• INSTRUCTIONS TO FOLLOW: Nothing but the lines from the one with "this 352×626 image." through the end of the data should be set down, each exactly as written, and no picture should be included.

• SOURCE INFORMATION:
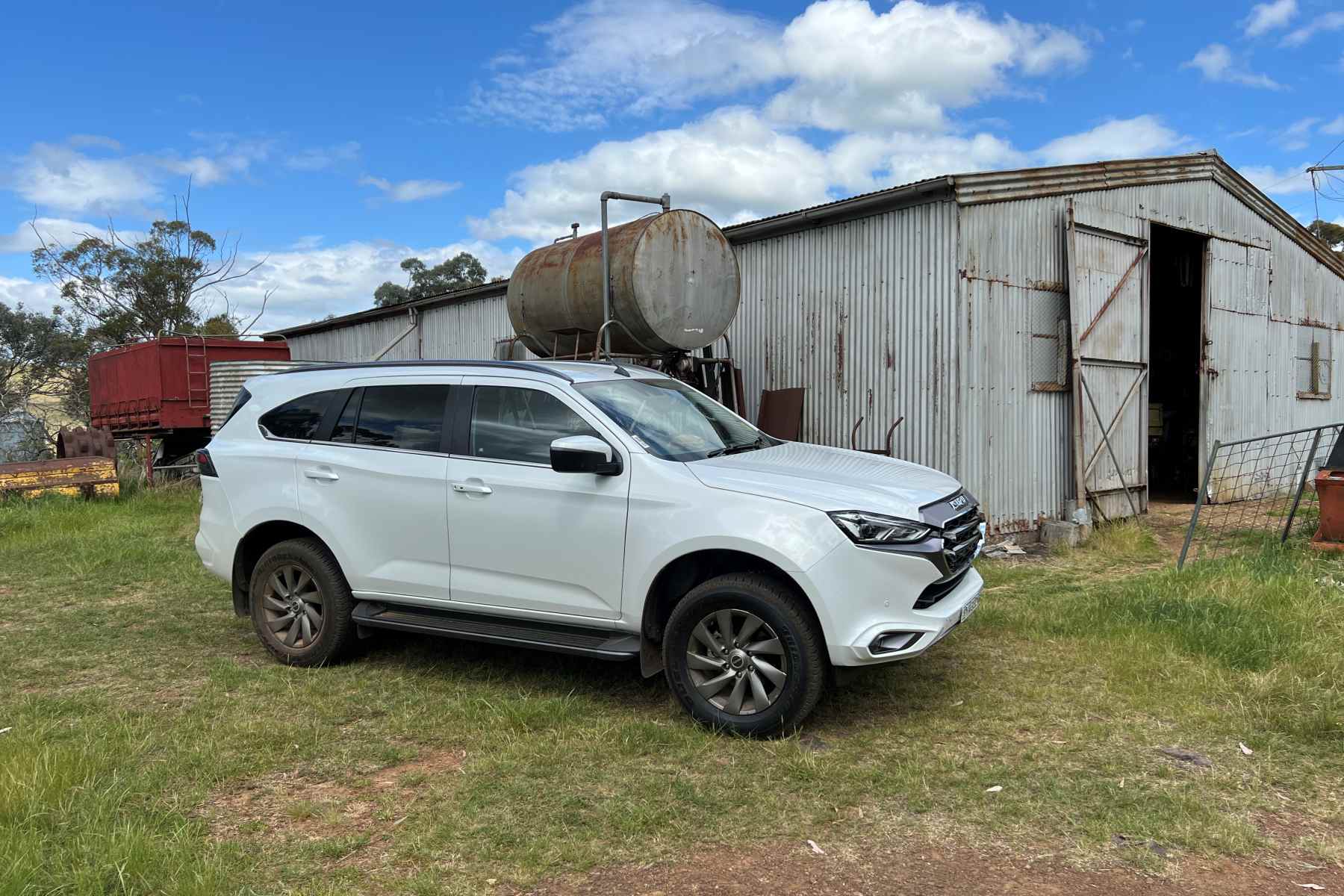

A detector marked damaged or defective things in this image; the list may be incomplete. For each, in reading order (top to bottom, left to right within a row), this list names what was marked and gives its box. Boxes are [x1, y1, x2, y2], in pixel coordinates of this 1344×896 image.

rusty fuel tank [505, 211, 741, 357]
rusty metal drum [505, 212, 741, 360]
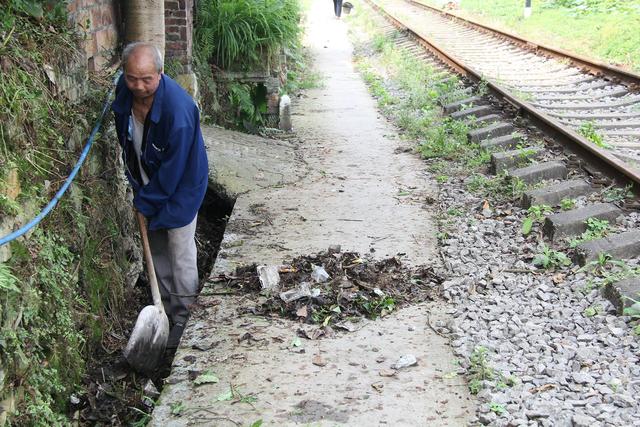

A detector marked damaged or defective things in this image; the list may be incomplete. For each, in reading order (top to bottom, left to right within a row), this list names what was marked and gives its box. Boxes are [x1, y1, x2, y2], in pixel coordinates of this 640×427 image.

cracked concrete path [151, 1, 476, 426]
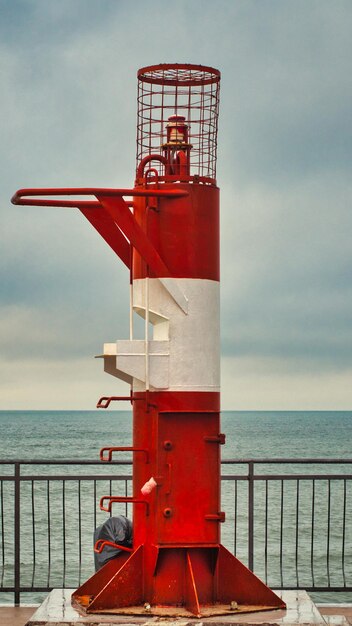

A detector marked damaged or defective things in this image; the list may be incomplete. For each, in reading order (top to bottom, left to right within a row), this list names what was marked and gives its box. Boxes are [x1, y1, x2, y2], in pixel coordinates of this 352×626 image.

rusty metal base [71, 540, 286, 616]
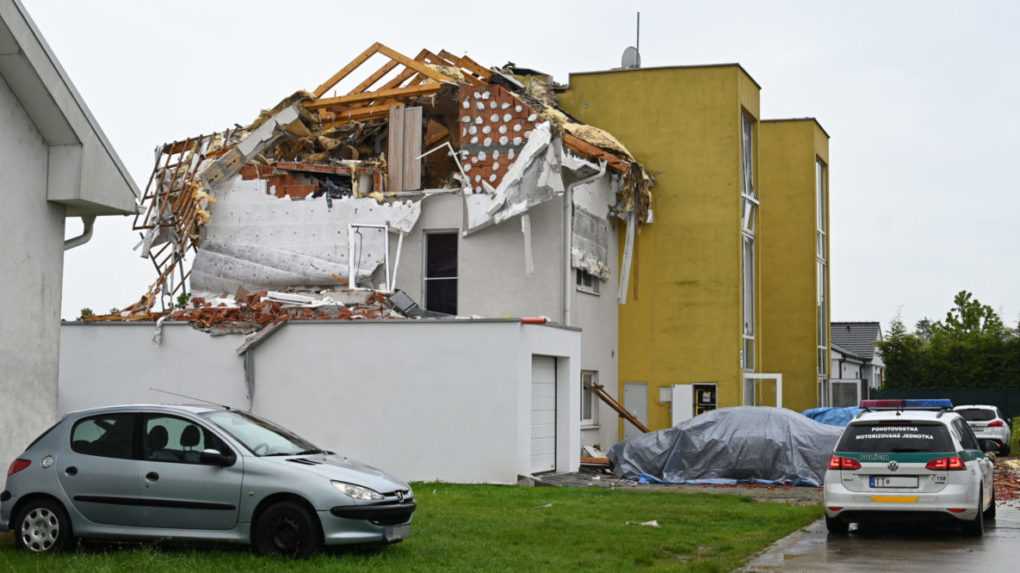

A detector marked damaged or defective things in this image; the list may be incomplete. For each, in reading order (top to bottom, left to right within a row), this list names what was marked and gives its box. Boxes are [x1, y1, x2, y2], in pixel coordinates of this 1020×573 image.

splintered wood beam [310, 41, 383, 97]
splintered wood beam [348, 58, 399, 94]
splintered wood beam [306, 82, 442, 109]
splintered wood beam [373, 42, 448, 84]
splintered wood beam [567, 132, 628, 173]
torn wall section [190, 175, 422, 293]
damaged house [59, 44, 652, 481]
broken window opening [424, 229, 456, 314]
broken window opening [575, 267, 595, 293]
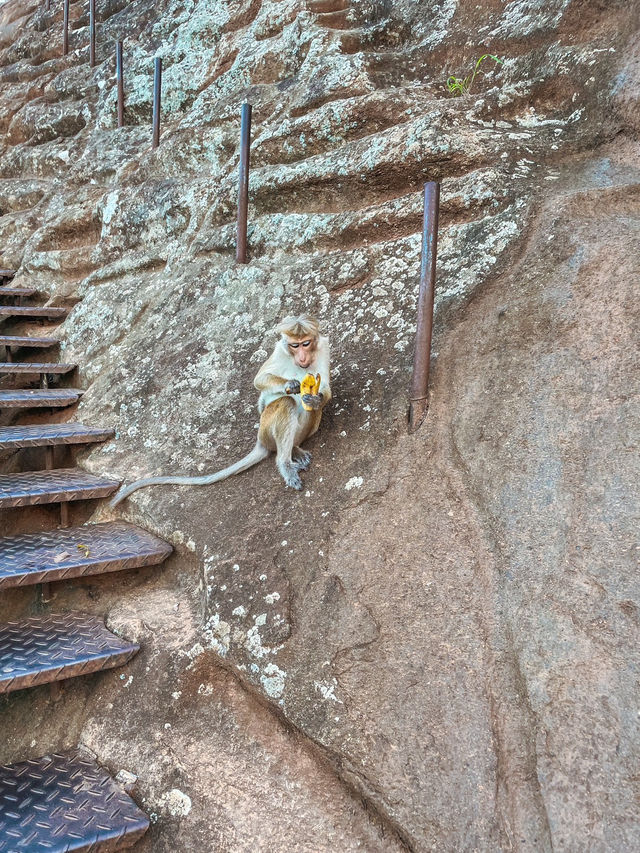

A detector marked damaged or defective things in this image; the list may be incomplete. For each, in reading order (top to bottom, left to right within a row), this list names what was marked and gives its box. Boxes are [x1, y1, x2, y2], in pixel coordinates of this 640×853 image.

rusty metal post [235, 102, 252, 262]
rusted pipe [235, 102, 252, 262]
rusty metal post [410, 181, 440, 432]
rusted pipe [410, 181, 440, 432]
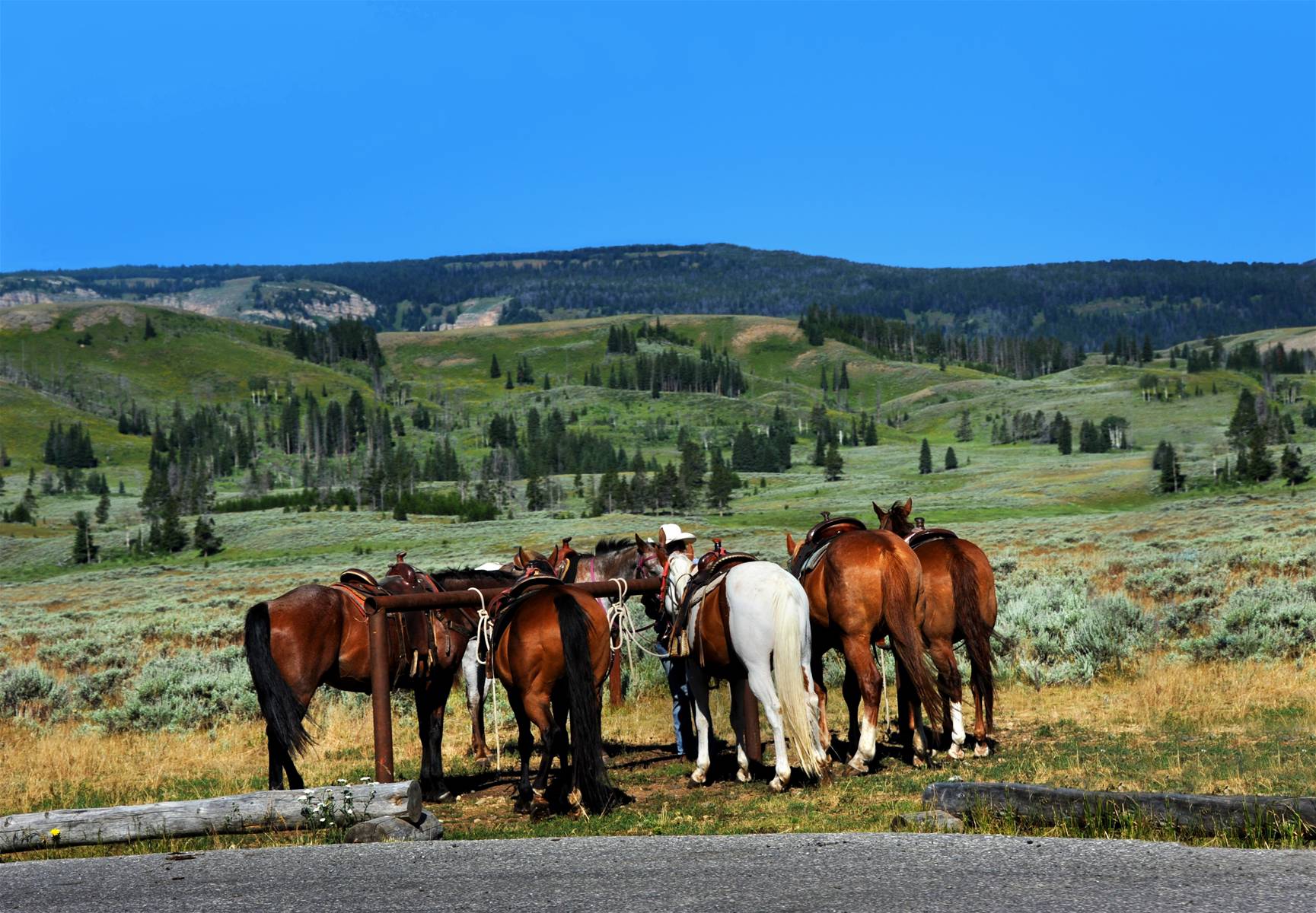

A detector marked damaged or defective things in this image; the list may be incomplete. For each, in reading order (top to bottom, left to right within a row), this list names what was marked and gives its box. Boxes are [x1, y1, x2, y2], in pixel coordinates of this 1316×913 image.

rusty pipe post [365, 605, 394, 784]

• EXERCISE RESPONSE:
A detector marked damaged or defective things in this image; the list may be incomplete. For each, in reading order (top to bottom, left to right within a row), this list names what was marked and gives its box. Boxes are [x1, y1, x2, y2], in pixel coordinates of this 352×626 image.

rusty metal base [71, 540, 286, 616]

A detector marked damaged or defective things in this image; the list may be incomplete. For each, in reading order (top to bottom, left to right within a row), this list names what was marked and gives its box. Boxes are [x1, y1, x2, y2], in pixel coordinates of this 1020×573 image.

splintered wood beam [310, 41, 383, 97]
splintered wood beam [348, 58, 399, 94]
splintered wood beam [306, 82, 442, 109]
splintered wood beam [373, 42, 448, 84]
splintered wood beam [567, 132, 628, 173]
torn wall section [190, 175, 422, 293]
damaged house [59, 44, 652, 481]
broken window opening [424, 229, 456, 314]
broken window opening [575, 267, 595, 293]

A detector marked damaged or defective things in this image; the list may be incomplete. For each, in reading order (top to bottom, left to right within a row), this list names what was marked and gives its box. Boxes are [x1, y1, x2, y2], in pixel coordinates of this 640×853 image.

rusty metal post [235, 102, 252, 262]
rusted pipe [235, 102, 252, 262]
rusty metal post [410, 181, 440, 432]
rusted pipe [410, 181, 440, 432]

A detector marked damaged or defective things in this image; the list may be incomplete. For each, in reading order (top to bottom, left to right within a row), this list names what was marked and gives its box. Boxes are [x1, y1, x2, y2], in pixel coordinates of this 1316×913 image.

rusty pipe post [365, 605, 394, 784]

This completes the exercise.